Former heavyweight champion Brock Lesnar, the MMA and WWE star who recently competed at UFC 200, was notified Friday of a possible drug violation.
The potential violation resulted from an out-of-competition drug test administered by the U.S. Anti-Doping Agency on June 28. The results of those tests came back July 14. The USADA then notified Lesnar and the UFC of a positive drug test.
Lesnar beat Mark Hunt by unanimous decision at UFC 200 in his first fight in five years after he retired from MMA in 2011.
"The UFC organization was notified today that the U.S. Anti-Doping Agency (USADA) has informed Brock Lesnar of a potential Anti-Doping Policy violation," the UFC said in a statement Friday.
The U.S. Anti-Doping Agency administrates the UFC's anti-doping policy independently.

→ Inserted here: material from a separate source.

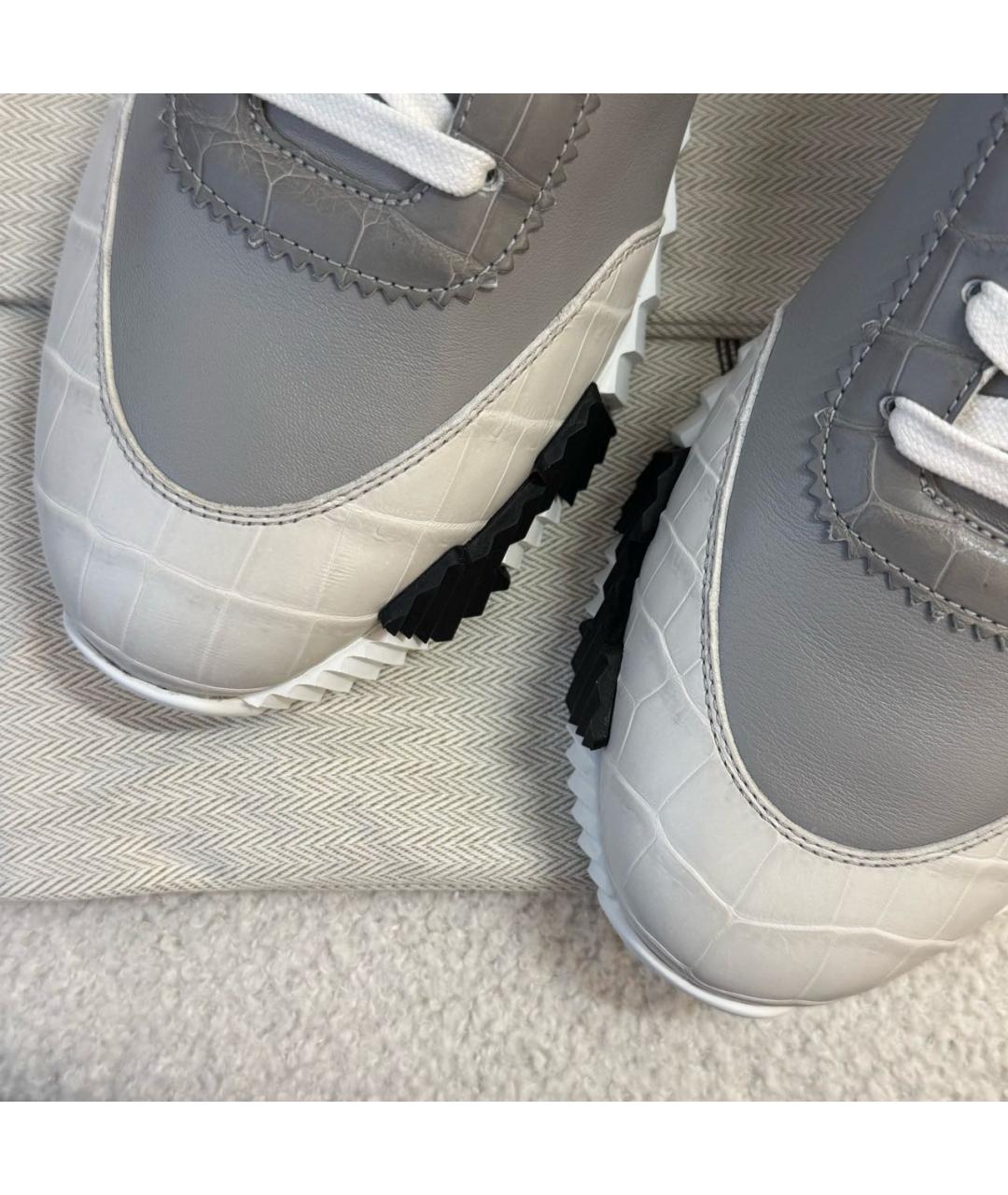 HERMES Серые низкие кроссовки / кеды из экзотической кожи, фото 7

"It is important to note that, under the UFC Anti-Doping Policy, there is a full fair legal review process that is afforded to all athletes before any sanctions are imposed," the statement added.
Fighters are usually subjected to four months of drug testing before their bout if they are returning from retirement. Lesnar was exempted by virtue of the UFC's anti-doping policy that can be invoked in extenuating circumstances.
After he signed for the fight, Lesnar was subjected to testing, and he was tested five times by the USADA over a span of two weeks before the fight.
Lesnar has the right to ask for a 'B' sample to be tested and can also file an appeal.
Interim light heavyweight champion Jon Jones was also flagged for a doping violation for a test taken on June 16, and because the results of his test were available before UFC 200, he was taken off the card.
The results of Lesnar's positive test were not available until Thursday.